2. Carpe diem (Nutze den Tag)
2.1 Dreizehn Übungen im Nicht-Tun
2.1.1 Dein Körper und Du
Beginnen wir mit dem, was uns am nächsten ist. Unser eigener Körper. Am besten stellen wir uns nackt vor einen Spiegel. Was sehen wir?
Wenn Du glaubst, Du siehst Haut und Muskeln, Arme und Beine, dann irrst Du Dich oder sagen wir einmal, das ist nur oberflächlich so. Tatsächlich siehst Du Deine Gefühle, Deine Gedanken, Deine Stärken und Schwächen; das, was Du verdrängst, nicht wissen willst; das, was Du möchtest, aber nicht zu tun wagst. Es ist ein Blick in die Tiefe Deiner Seele, Deines Unterbewußtseins, auch wenn es offen vor Dir steht.

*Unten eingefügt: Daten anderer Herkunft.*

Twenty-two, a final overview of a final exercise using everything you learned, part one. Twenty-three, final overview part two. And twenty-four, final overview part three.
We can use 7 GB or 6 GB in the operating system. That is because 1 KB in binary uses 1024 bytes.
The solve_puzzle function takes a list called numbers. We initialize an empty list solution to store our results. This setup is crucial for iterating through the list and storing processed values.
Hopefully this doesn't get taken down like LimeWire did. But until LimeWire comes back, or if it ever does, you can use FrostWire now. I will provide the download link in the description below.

Der seelische Zustand, so beschreibt es der amerikanische Autor Ken Dychtwald, wird durch den Körper reflektiert und als Psychoanatomie bezeichnet. D.h. durch die Haltung, die Ausprägung, durch den Körperbau, den Gang, Muskelverspannungen bis hin zu anatomischen Merkmalen (Verkrüppelungen), ja bis hin zu Unfällen mit bleibenden Schäden, Operationsnarben, sogar bis zur Haarfarbe und -fülle kann man getreu unserer theoretischen Annahmen über den Gegensatz zwischen Innen und Außen einen Einblick (KörperBewußtsein) in die Seele eines Menschen gewinnen.

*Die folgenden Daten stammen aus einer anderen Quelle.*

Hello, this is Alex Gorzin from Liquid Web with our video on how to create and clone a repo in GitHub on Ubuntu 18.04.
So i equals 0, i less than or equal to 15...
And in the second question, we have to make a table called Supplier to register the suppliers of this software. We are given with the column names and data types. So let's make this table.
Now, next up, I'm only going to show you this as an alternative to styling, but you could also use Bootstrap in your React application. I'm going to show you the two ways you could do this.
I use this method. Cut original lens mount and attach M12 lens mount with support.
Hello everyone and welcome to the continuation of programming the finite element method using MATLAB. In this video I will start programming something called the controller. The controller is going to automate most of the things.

Dabei ist der Körper natürlich auch als Ganzheit zu sehen. In dem Moment, in dem wir ihn zerteilen, also Unterscheidungen machen z.B. zwischen Kopf und Rumpf, erzeugen wir wieder Gegensätze. Gegensätze, die trotz ihrer Gegensätzlichkeit zusammengehören. In der Iris-Diagnostik beim Heilpraktiker wird dieses Wissen angewandt. Auch die Fußreflexzonen-Wissenschaft gehört dazu. Und selbst das Handlinien-Lesen deutet darauf hin, daß sich in jedem Teil das Ganze widerspiegelt.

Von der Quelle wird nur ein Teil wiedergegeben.